Born and raised in Anacortes, Washington, Elverum started playing music at a young age, taking up the tuba and drums as a child and starting his first band, Nubert Circus, when he was 14. While attending Anacortes High School, he worked at the local record store The Business. The store's owner, former Beat Happening member Bret Lunsford, invited Elverum to join his band D+ as its drummer, and he performed on the group's 1997 self-titled debut album and the following year's Dandelion Seeds. Lunsford also let Elverum record his own music with the equipment in the store's back room; the Microphones' first two cassettes, 1997's Microphone and Wires & Cords, appeared on Lunsford's Knw-Yr-Own label.

After graduating from high school, Elverum moved to Olympia, Washington to attend Evergreen State College. He soon met K Records founder Calvin Johnson and spent some time finishing the Microphones' first album at Johnson's Dub Narcotic Studios. Released in 1998 on Elsinor Records, Tests combined the Dub Narcotic recordings with songs from his earlier cassettes. Working as a producer and recording engineer at the studio, Elverum also issued a string of Microphones singles in 1999 -- Bass Drum Dream, "Feedback (Life, Love, Loop)," and Moon Moon -- as well as the project's second album, Don't Wake Me Up, which expanded the range of Elverum's music with dramatic climaxes, lo-fi rock, and delicate melodies.

Following a tour with labelmate Mirah, Elverum began working on the Microphones' next album. The first record in his elemental trilogy (which was inspired respectively by water, fire, and stone), September 2000's It Was Hot, We Stayed in the Water featured contributions from Mirah, Johnson, the Blow's Khaela Maricich, and Elverum's D+ bandmate Karl Blau and once again widened the scope of Elverum's music. That year also saw the release of Window, a collection of songs and excerpts from Don't Wake Me Up as well as other albums Elverum had worked on, including Mirah's You Think It's Like This But Really It's Like This. Early in 2001, the Microphones issued Blood, a limited-edition album that included a cover of Björk's "All Is Full of Love" as well as versions of the songs that would appear on Elverum's next album. Appearing that September, The Glow, Pt. 2 was released to widespread critical acclaim for its experimental sound -- which incorporated elements of black metal and ambient music as well as more typical indie rock and pop -- and its soul-searching songwriting. To support the record, Elverum, Johnson and Maricich performed a set of shows in North America and Europe known as the Paper Opera Tour.

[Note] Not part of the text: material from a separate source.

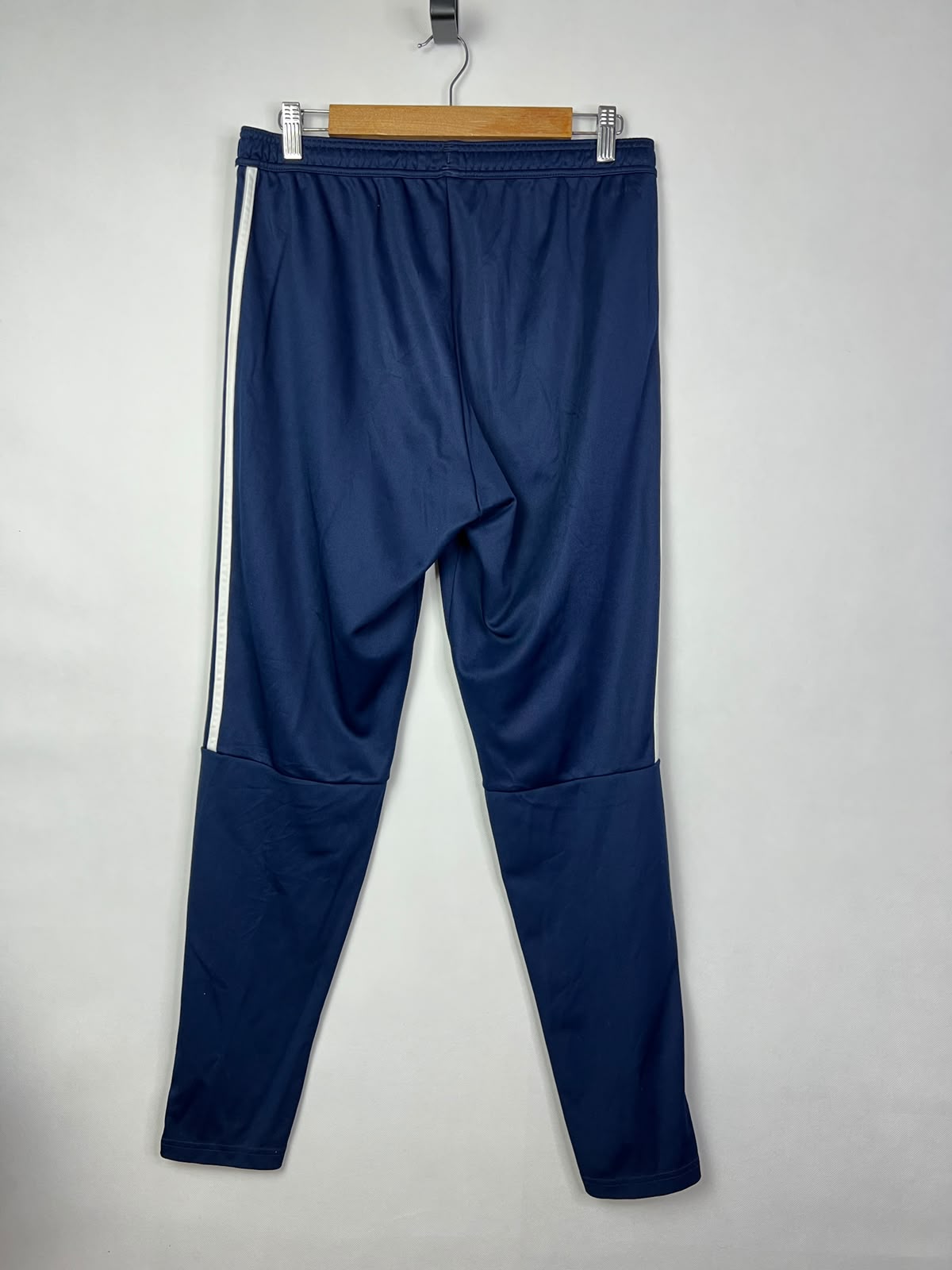 Adidas Men's Essentials 3-Stripes Pants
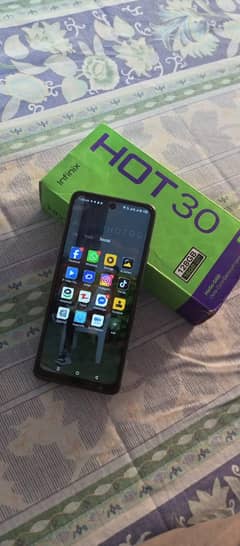 infinix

After a set of solo dates, Elverum returned to Olympia and Dub Narcotic to work on the next Microphones album. During that time, the ultra-lo-fi 2002 album Little Bird Flies into a Big Black Cloud was released by St. Ives, while the singles collection Song Islands and single "Lanterns/Antlers" appeared on K. Named for the mountain on Fidalgo Island near where Elverum grew up, January 2003's Mount Eerie was an even more ambitious affair than its predecessor that told its story of life, death, and identity in five suite-like songs. (Drums from Mt. Eerie and Singing from Mt. Eerie, which singled out those musical elements, were also released at the same time).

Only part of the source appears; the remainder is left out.